Research

Fundamental thermal research for arising high-impact applications
  • 연성물질 열전달 열특성 실험적 접근
  • 차세대 의료기기 개발을 위한 의공학 & 생명과학 응용 (Development simultaneously for R&D and Business)
  • 친환경 에너지 소자 개발을 위한 열전소재 개발

Thread I – Heat transfer medical device (열전달 기반 의료기기)


Heat transfer in body affects various tissue activities and functions, having broad implications in various medical therapies. Compared with robots (dynamics & control) and artificial bone & tooth (solid mechanics), medical devices that utilize heat transfer as a core mean to produce a certain clinical effect have far less been explored. Our group is developing medical devices that rapidly manipulate body temperature and thereby produce a desired clinical or therapeutic effect at an unprecedented speed and efficiency. 



Thread II – Super-fast, high-resolution, high-power cooling instruments (초고속, 고분해능, 고출력 냉각기)

Our group develops novel cooling devices with a high spatial resolution (100 µm), controllable high ramping rate (up to -10˚C/sec), and high cooling power. The combination of these three characteristics (high resolution, high ramping rate, high power) provides unique opportunities to various fields. For example; life scientists can selectively cool a local set of cells to study in-vivo regional thermotaxis responses; doctors can rapidly anesthetize nerves without using chemical drugs; and chemists can rapidly synthesize materials with unprecedented precision. Our cooling device is analogous to Laser except the fact that it cools rather than heats. 



Thread III – Heat Conducting Plastics (고열전도도 플라스틱)

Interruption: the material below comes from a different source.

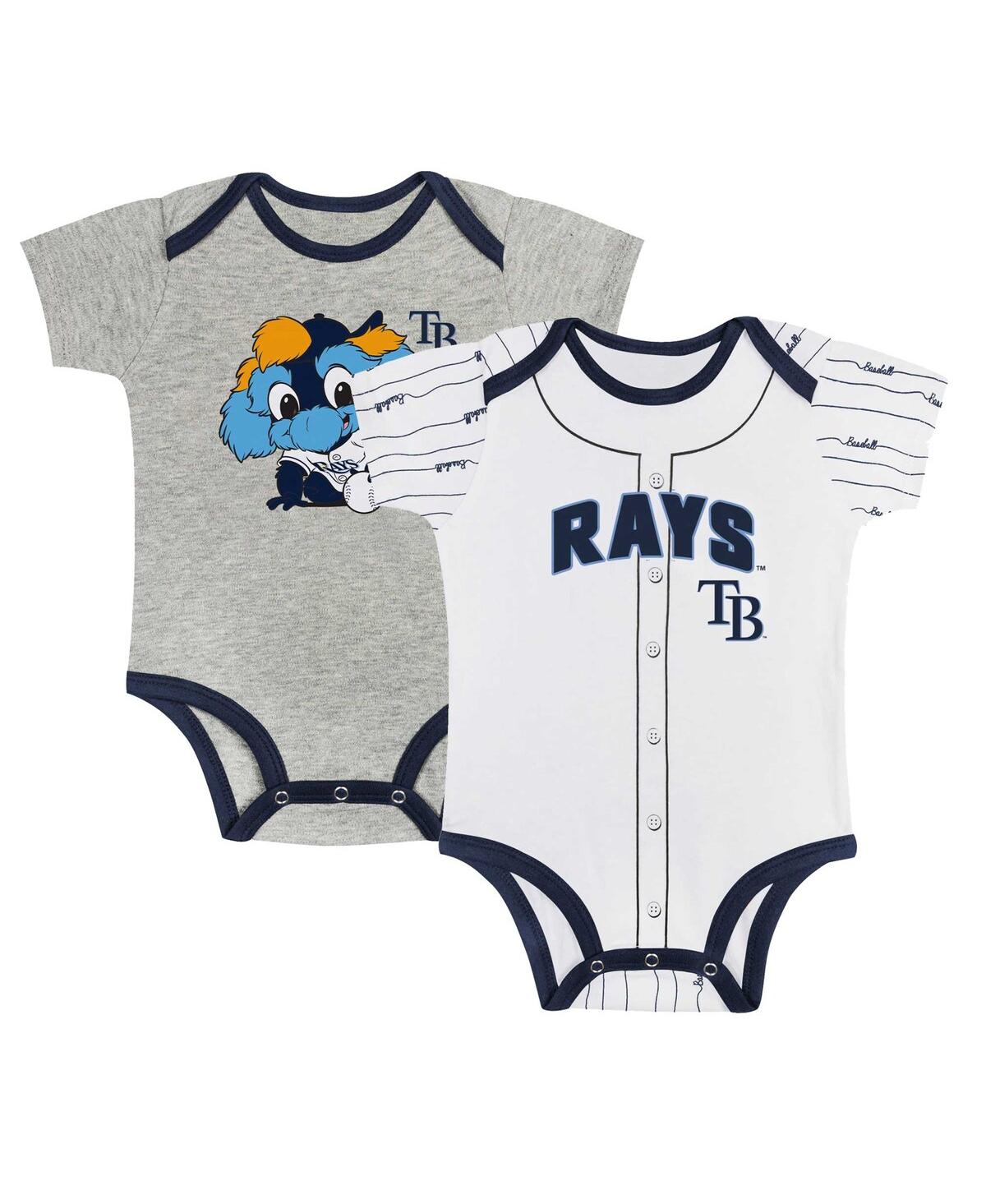 Outerstuff Kids' Big Boys And Girls Gray/white Tampa Bay Rays 2-pack Play Ball Bodysuit Set In Multi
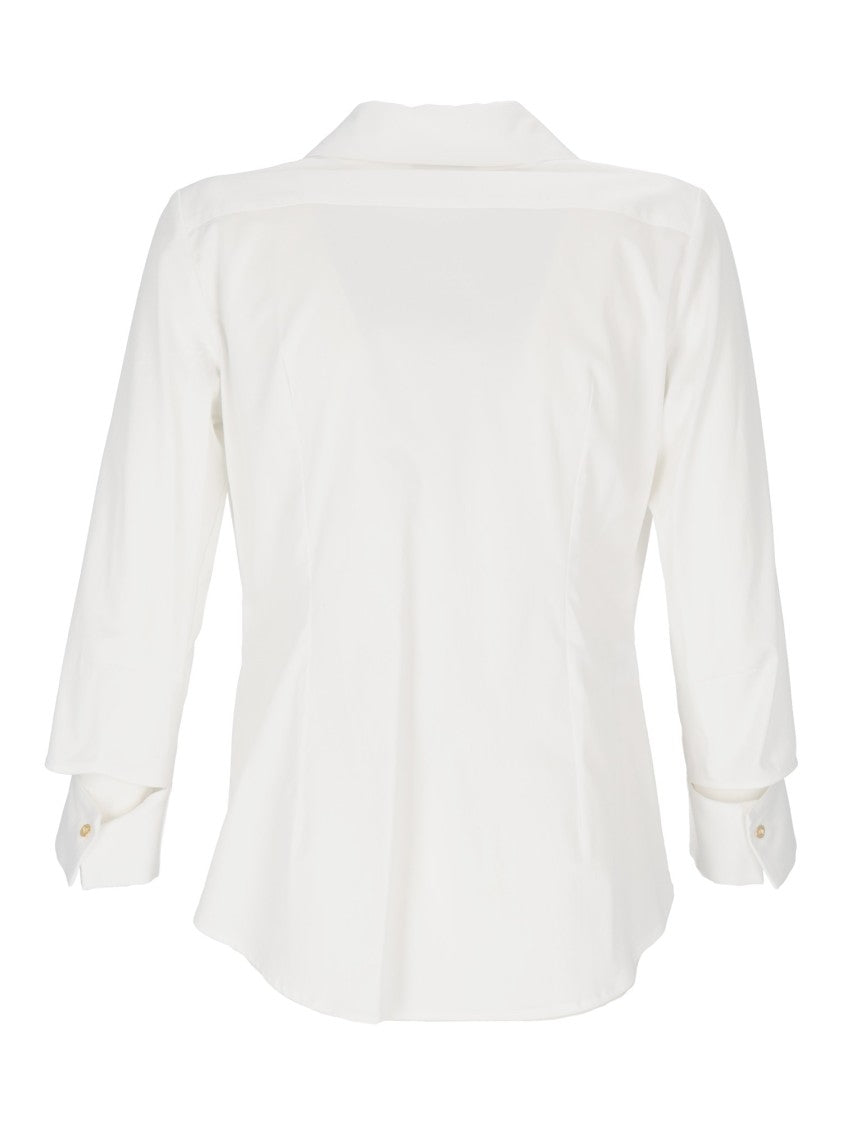 Elisabetta Franchi Tailored Blouse With Deep V-Neckline And Metallic Accents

Gun-Ho Kim et al.Nature Materials (2015)

Despite their low thermal conductivity (~0.2 W/m-K), the low cost, low weight, desirable mechanical properties and superior manufacturability of polymers make them widely used even in products that need to dissipate heat efficiently. For example, the annual market size of plastic LED heatsink was $500 million USD in 2015 and is expected to reach $2 billion USD in 2020 (link). Blending polymers with high thermal conductivity fillers (e.g., alumina particles) has typically been used in industry, while alignment or crystallization of polymer chains was shown to produce high values of thermal conductivity at small nano-scales. In contrast to previous approaches, we aim to develop strategies of enhancing the intrinsic thermal conductivity of bulk amorphous polymers, which do not require exotic fabrication processes. For example, we showed that holding two chains with strong intermolecular interactions produced extended chain conformation and a continuous thermal network, resulting in a high thermal conductivity in amorphous polymer blends, 1.5 W/m-K.



Thread IV – Heat-to-Electricity Organic Generator (유기발전소자)

Gun-Ho Kim et al.Nature Materials (2013)


More than half of total energy produced during 2015 in the USA was rejected directly to waste heat. Traditional heat engines such as turbine and combustion engine have practical difficulties in utilizing such abundant waste heat as they need a high temperature & high pressure heat source to operate. Solid-state heat engines based on thermoelectric technology can directly convert heat to electricity, and therefore can operate even by few Kelvin difference in temperature between heat source and sink. Current thermoelectric solid-state heat engines are limited to niche applications (e.g., generator in a spacecraft), since their base elements are not only rare in the earth crust (e.g., Bi, Te) but also often toxic and brittle. Organic materials are made of earth abundant elements (e.g., C, H, O), and have superior manufacturability, scalability, and flexibility all of which are suitable to harvest waste heat over large areas. Efficient organic thermoelectric materials will allow inexpensive & paintable solid-state heat engine, and move thermoelectric technologies from current niche applications to the main stream, where they may become a widespread means for waste heat recovery or refrigeration.  We aim to build fundamental understandings of charge and heat carrier transports in organic materials, and develop high-performance & low-cost solid-state organic heat engine.



Thread V – Electricity Conducting Soft Matter (전도성 연성 물질)

Charge carrier mobility strongly affects the performance of many electronic devices. Analogous to the mean-free-path of charge carriers in crystalline inorganic materials, the degree of carrier localization, often quantified by carrier localization length, determines charge carrier mobility in organic semiconductors. In contrast to previous models, in which carrier localization length was assumed to be a certain small constant, we developed a theoretical model that can quantitatively determine carrier localization length from ordinary data such as Seebeck coefficient and electrical conductivity. Based on this model, we aim to develop an experimental methodology to determine carrier localization length in a relatively easy manner.
Gun-Ho Kim and K. P. Pipe, Physical Review B 86, 085208 (2012).